Posted on • Originally published at reinteractive.com

Creating an AI email parser using Ruby and OpenAI (GPT-3)

You may frequently need to extract crucial information from emails in your role as a developer. This might be done to extract the sender’s identity, a list of the companies referenced in the email, or the email’s overall subject.

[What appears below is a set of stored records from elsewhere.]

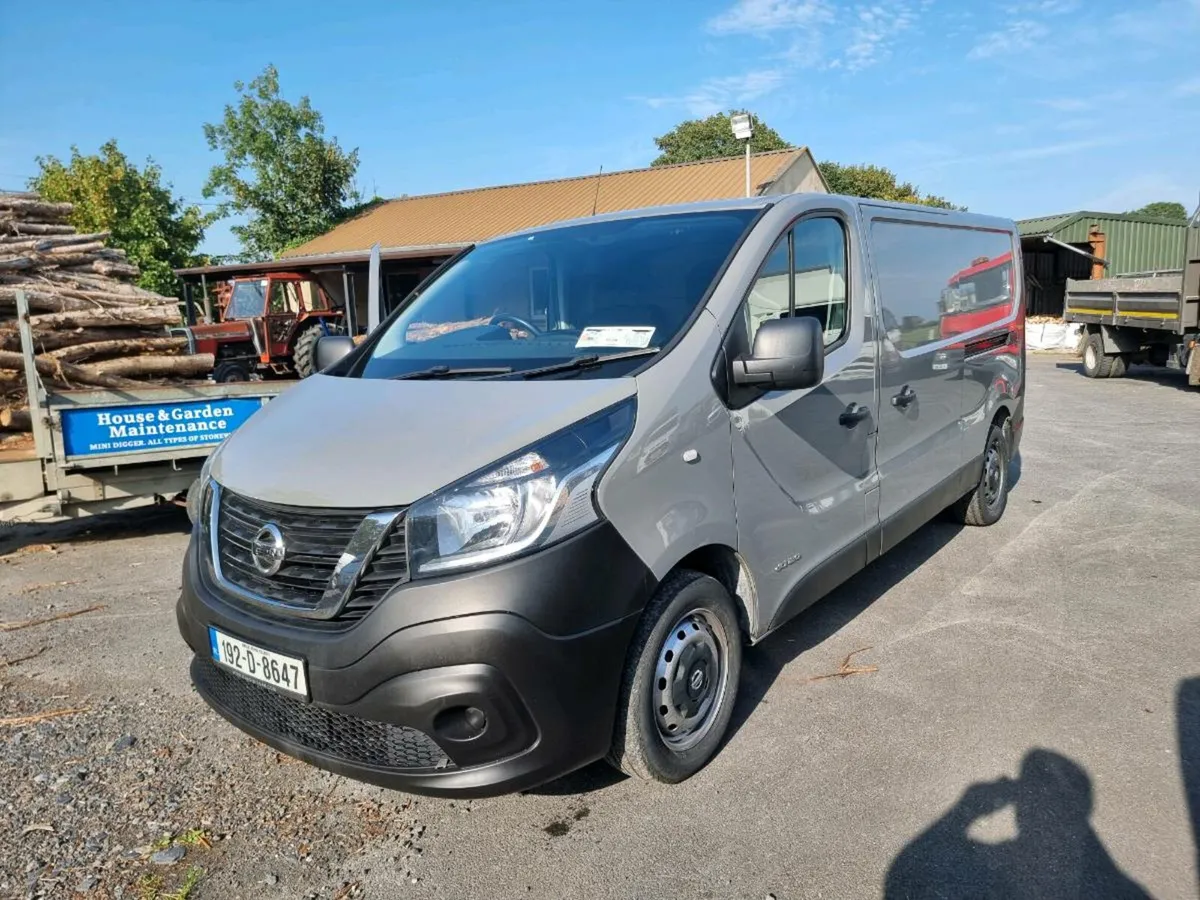Nissan NV300 - Image 1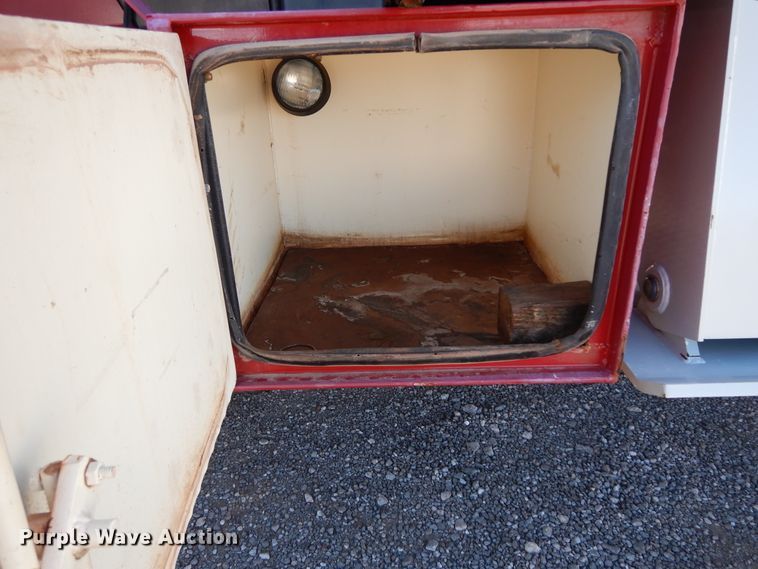 image for item DJ7485 2014 Peterbilt 365  crane truck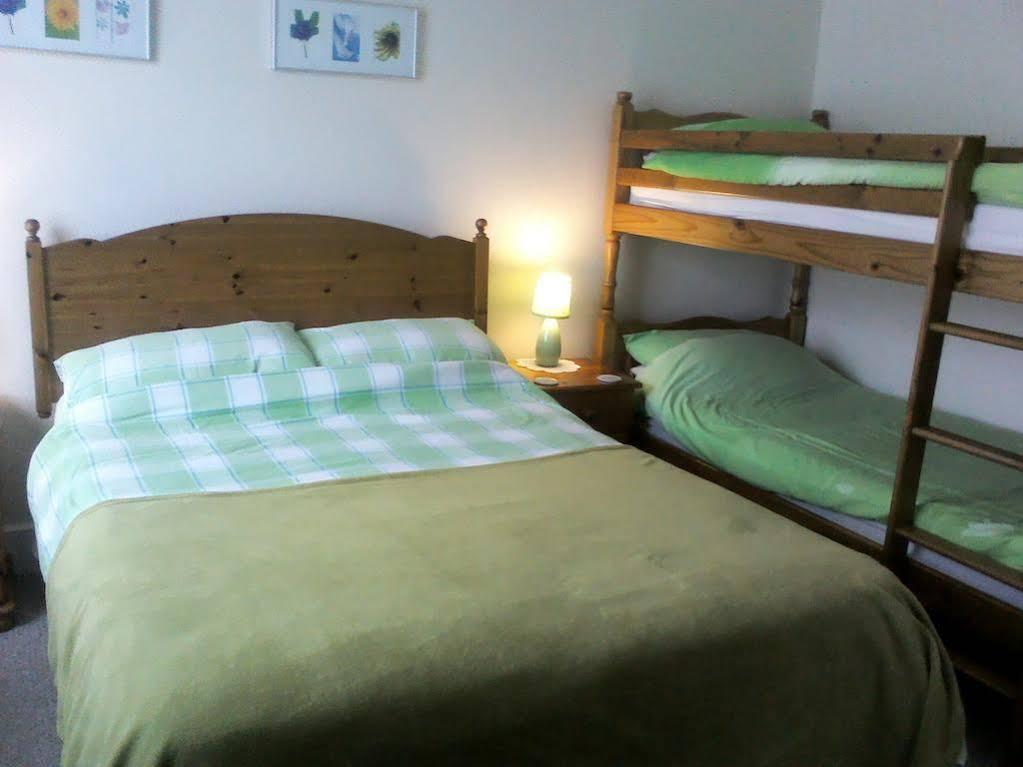 Lea Hurst B & B Bournemouth Eksteriør billede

An email parser is useful since manually extracting this information can be time-consuming and error-prone.

In this article, we’ll show you how to build an email parser that can easily extract crucial things from emails using Ruby and OpenAI’s GPT-3.

If you need an introduction to OpenAI, you can get the basics in this article:

Prerequisites

In order to follow this article you need to be familiar with Ruby methods, working with API keys and using Ruby gems.

AI Email Parser

In our example we will create an AI email parser that provides us with the name of the email sender, the company they are from and the theme of the email. This might be useful for a customer service organisation to help them priorities which customers they will respond to.

Of course, some of this information can already be extracted using standard Ruby gems, but the purpose of this example is to show how simple it is to parse an email for the information you need using AI.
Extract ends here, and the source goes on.